Without more details, it's hard to say, but I'd start by flying a 20' wide by 10' scrim at least 10' in the air, lit evenly (though a slight gradient would look nice if you can't eliminate the reflections in the product). Think movie set lighting. Another option would be several 5K HMI's to light the scrim, with some localized HMI scoops where needed.

 You will need to use a longer f.l. lens, I lean towards a 180 or so on FF, to help reduce the reflection angle family and eliminate geometric problems. Naturally, you're looking at significantly longer working distances than you're used to, figure several feet behind the product, and at least 20-30 in front.

Place the display on overlapping, multiple rolls of white seamless, with a roll of black seamless as close as you can get to the display, while still leaving a white area in front (this will keep the glasses from reflecting the ground seamless). Have several 4x8 sheets of white foam core and a few sheets of black foam core on hand. Light the display, use the fill cards to get the contrast down to where it's reproducable (4 stops max). Black cards to help define the shape and form. 

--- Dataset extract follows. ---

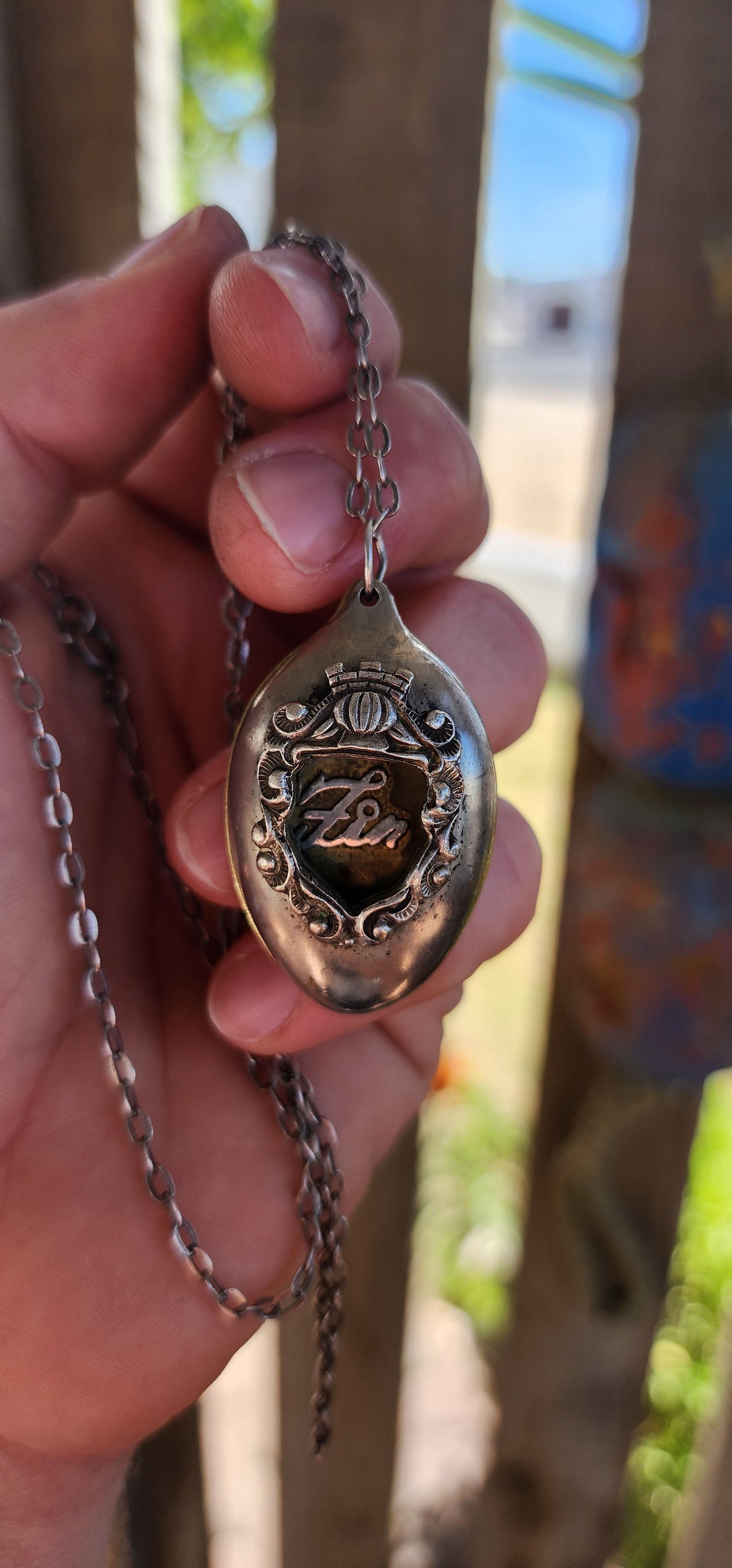 Exceptionally striking recycled spoon pendant by the South African maker Zim.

Then utilize your 2-3 assistants to clean and place the glasses on the display one at a time, tilted slightly downward to help minimize glare while spotting from the camera position (8x binocs would work well here). A high quality linear polarizer will help tame the last of the reflections, used judiciously. With any luck, you'll be ready to expose before daylight. 

I hope you're actually getting paid decently to shoot this, were I shooting this, it would be abour 2-3x my daily rate, plus expenses and assistant costs. Without doing a spreadsheet, back of the napkin calculations peg this at 8-10K, assuming I brought my camera and lighting equipment with me, with rentals, probably another 3-5k more (or much, much more depending on what's available locally)

There is no way to shoot this kind of product in a conference room with no control over the environment. That should be a negotiating point, and were it that easy, they'd of found a shooter much closer. Chances are they've tried and failed, so they cast their net wider.


----------



## epatsellis (Jul 28, 2011)

I'd also add that you're way beyond DSLR territory, think a P65+ or the new IQ180 back (or a 4x5 scanning back if you use HMI lighting). Anything less will not give you nearly enough resolution to clearly make out the product.


----------